Le deuxième accord : ne le rendez pas personnel
Peu importe ce qu’ils nous disent, peu importe comment nous sommes jugés, cela ne peut nous affecter que si nous sommes d’accord. Accorder signifie que nous donnons à la personne la permission de nous faire du mal. Nous pouvons changer cet accord et décider d’ignorer le mot négatif que l’autre personne nous renvoie. Si d’autres sont programmés et conditionnés, ce n’est pas à nous de juger. Nous avons notre propre Vision du Monde, et nous choisissons de ne pas adhérer à la vision négative et empoisonnée que certains ont.

« Si quelqu’un vous donne son opinion en vous disant : « Qu’est-ce que tu as l’air gros ! » n’en faites pas une affaire personnelle, parce que en vérité cette personne est confrontée à ses propres sentiments, croyances, opinions, Elle essaie de vous envoyer du poison, et si vous en faites une affaire personnelle, alors vous le recevrez et vous vous l’approprierez ». Don Miguel Ruiz

Selon Don Miguel Ruiz, nous devons prendre tout ce qui nous arrive personnellement. De cette manière, nous renforçons notre sens du « sens personnel », c’est-à-dire l’importance que nous nous accordons à nous-mêmes. Nous aimons nous sentir importants, nous prendre au sérieux, flatter notre fierté, et au final nous disons que tout ce qui nous arrive est notre affaire. Malheureusement, cela conduit à la souffrance.

Il est essentiel que nous puissions nous débarrasser de notre sentiment d’importance personnelle. Et à cause de cela, tous les événements qui vous arrivent chaque jour n’auront plus aucune influence sur vous. Vous gagnerez en liberté, car l’œil extérieur n’aura plus aucune influence sur vous. Lorsque nous sommes conscients que quoi que nous fassions, les autres nous jugeront, nous comprenons que c’est une grave erreur de prendre tout ce qui nous arrive personnellement.
Un exemple : si votre patron vous donne une réponse malheureuse, ne le prenez pas personnellement. Vous avez peut-être des difficultés personnelles ou simplement une mauvaise humeur.
Lorsque le jugement des autres ne vous concerne plus, vous pouvez prendre vos propres décisions sans craindre d’être ridiculisé ou de ne pas être accepté. Vous pouvez approcher qui vous voulez sans crainte. Chacun est responsable de ses propres décisions, mais pas de celles des autres.
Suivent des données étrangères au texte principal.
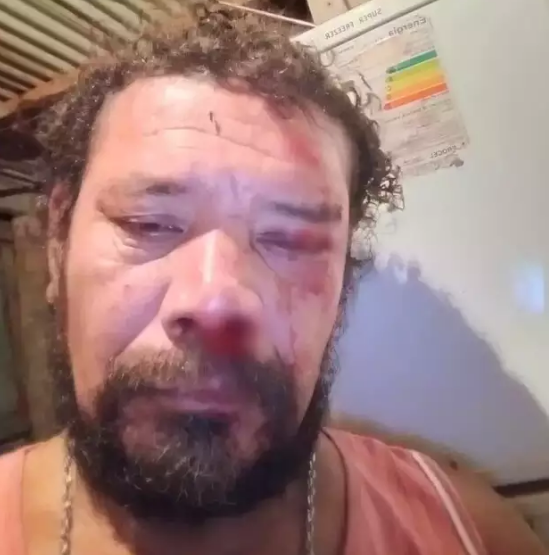 Após avaliar caso, instituto garante que onça não atacou homem em Corumbá Após avaliar caso, instituto garante que onça não atacou homem em Corumbá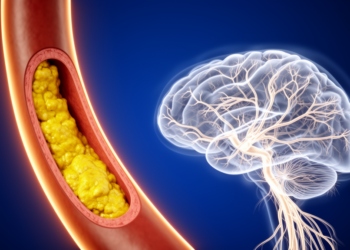 Vulnerable Carotid Plaques Quietly Damage the Brain's White Matter, Study Finds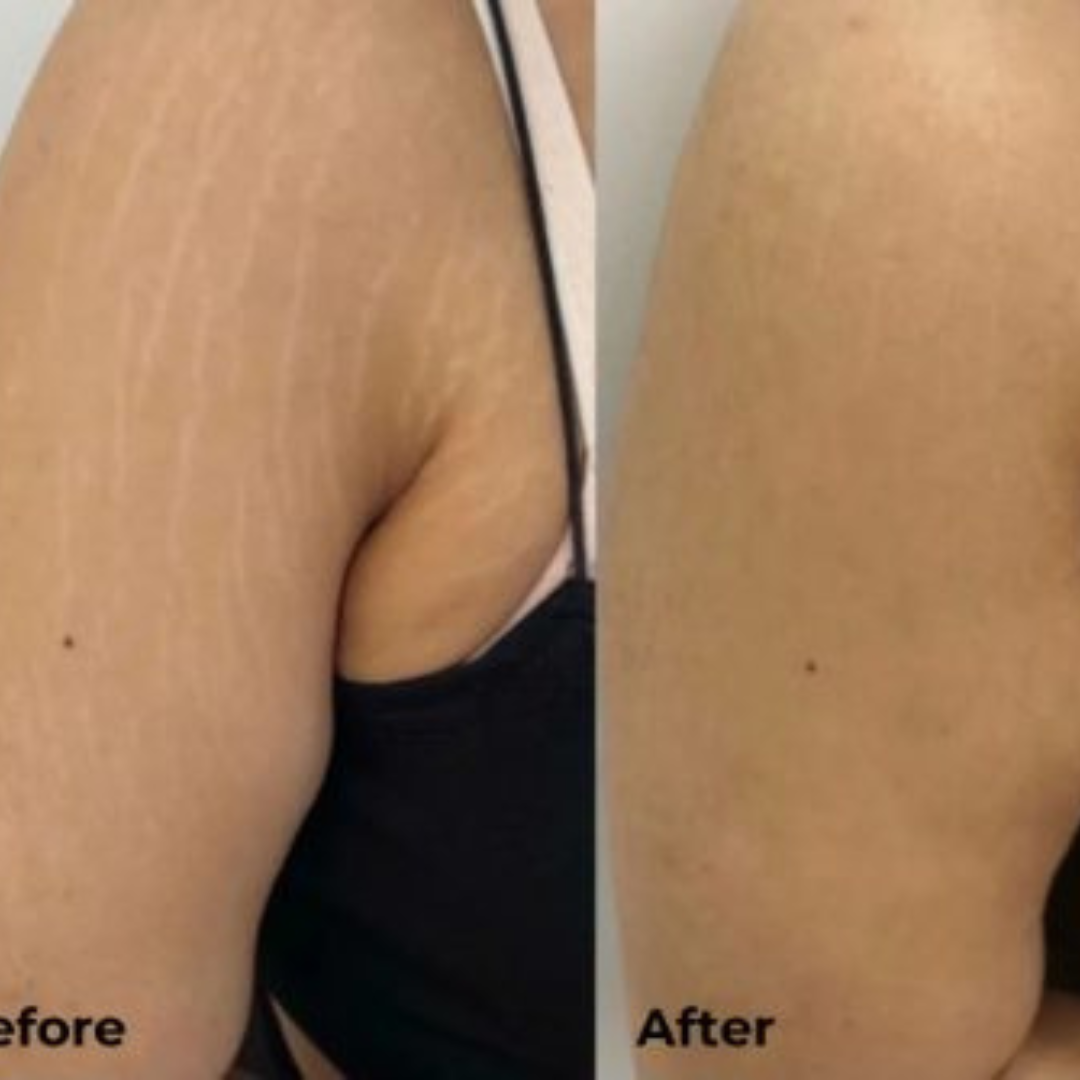 Ciara Stretchmarks Treatment Oil – Fade Stretchmarks on Belly & Thighs – With Fish Collagen – Nourish, Repair & Renew – Deeply Hydrates, Improves Elasticity – Safe for Sensitive Skin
Vous devez donc avoir confiance en vous et en vos décisions afin de ne plus être dépendant des autres.

Juger ne concerne que ceux qui jugent, pas ceux qui sont jugés.

« Ce que vous pensez, ce que vous ressentez, c’est votre problème, pas le mien. C’est votre façon de voir le monde. Cela ne me touche pas personnellement, parce que vous n’êtes confronté qu’à vous-mêmes, pas à moi. D’autres auront une opinion différente, selon leur système de croyances.»
Don Miguel Ruiz

Le troisième accord : ne pas supposer
Parce que nous avons peur, nous ne posons pas de questions, donc nous imaginons des choses qui n’ont rien à voir avec ce que la personne pense vraiment. En fin de compte, nous les condamnons pour des intentions qu’ils n’ont jamais eues, et nous leur reprochons nos problèmes.